Source: Wickham, H. (2016). ggplot2: Elegant Graphics for Data Analysis. Springer. Originally sourced from diamondse.info (2008). Bundled in the seaborn and ggplot2 libraries.

Overplotting with large datasets

With 53 940 rows, plotting every point creates a dense blob where nothing is visible. Use random sampling (diamonds.sample(2000)) or 2D binning (mark_rect() in Altair) when exploring this dataset.

Load:

import seaborn as sns
diamonds = sns.load_dataset('diamonds')
diamonds.head()

Explore:

diamonds.describe()

Visualise (sampled to avoid overplotting):

import altair as alt
alt.Chart(diamonds.sample(2000, random_state=42)).mark_circle(
    size=20, opacity=0.5
).encode(
    x='carat:Q',
    y='price:Q',
    color='cut:N',
    tooltip=['carat', 'cut', 'color', 'clarity', 'price']
).properties(title='Diamond Price vs Carat (random sample of 2 000)')

Gapminder

Country-level life expectancy, GDP per capita, and population from 1952 to 2007 (every 5 years, 142 countries). Made famous worldwide by the late statistician and public health researcher Hans Rosling in his 2006 TED talk. The animated bubble chart Rosling used is one of the most influential data visualisations of the 21st century.

Source: Gapminder Foundation. Rosling, H. (2006). TED talk: “The best stats you’ve ever seen”. Data bundled in the vega_datasets Python package.

Load:

from vega_datasets import data
gapminder = data.gapminder()
gapminder.head()

Explore:

gapminder.describe()

Visualise (one year snapshot):

import altair as alt
alt.Chart(gapminder[gapminder.year == 2000]).mark_circle().encode(
    x=alt.X('fertility:Q', title='Fertility Rate'),
    y=alt.Y('life_expect:Q', title='Life Expectancy'),
    size=alt.Size('pop:Q', legend=None),
    color='cluster:N',
    tooltip=['country', 'life_expect', 'fertility', 'pop']
).properties(title='Life Expectancy vs Fertility Rate (Year 2000)')
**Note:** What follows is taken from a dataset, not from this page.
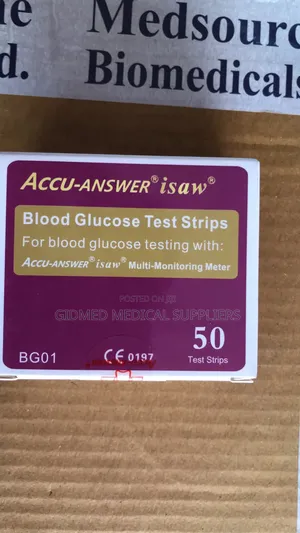 Accu Answer Glucose Meter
MNIST — Handwritten Digits

Note

This dataset is approximately 55 MB. Downloading it for the first time may take a few minutes depending on your connection speed. Not recommended for the timed hands-on exercises.

70 000 grayscale images (28 × 28 pixels) of handwritten digits 0–9, split into 60 000 training and 10 000 test images. The “hello world” benchmark of image classification and neural networks. Every machine learning practitioner has seen this dataset.
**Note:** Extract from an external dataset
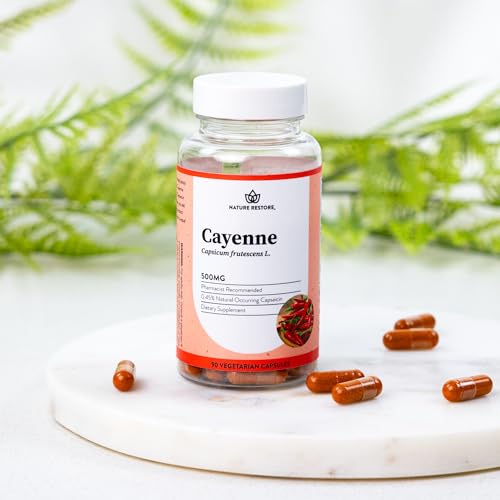 Nature Restore Cayenne Pepper Extract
Source: LeCun, Y., Bottou, L., Bengio, Y., & Haffner, P. (1998). “Gradient-based learning applied to document recognition.” Proceedings of the IEEE, 86(11), 2278–2324. Dataset: http://yann.lecun.com/exdb/mnist/.

Load:

from sklearn.datasets import fetch_openml
mnist = fetch_openml('mnist_784', version=1, as_frame=True, parser='auto')
print(f"Images: {mnist.data.shape}")
print(f"Labels: {sorted(mnist.target.unique())}")

Visualise a grid of sample digits:

import matplotlib.pyplot as plt
fig, axes = plt.subplots(2, 8, figsize=(12, 3))
for i, ax in enumerate(axes.flat):
    ax.imshow(mnist.data.iloc[i].values.reshape(28, 28), cmap='gray')
    ax.set_title(mnist.target.iloc[i])
    ax.axis('off')
plt.suptitle('MNIST: Sample Handwritten Digits')
plt.tight_layout()
plt.show()

Fashion-MNIST

Note

This dataset is approximately 30 MB. Downloading it for the first time may take a minute or two. Not recommended for the timed hands-on exercises.

70 000 grayscale images (28 × 28 pixels) of clothing items across 10 categories: T-shirt/top, Trouser, Pullover, Dress, Coat, Sandal, Shirt, Sneaker, Bag, Ankle boot. Drop-in replacement for MNIST (same format, same size) but considered harder and more visually interesting. Created by Zalando Research as a more realistic benchmark.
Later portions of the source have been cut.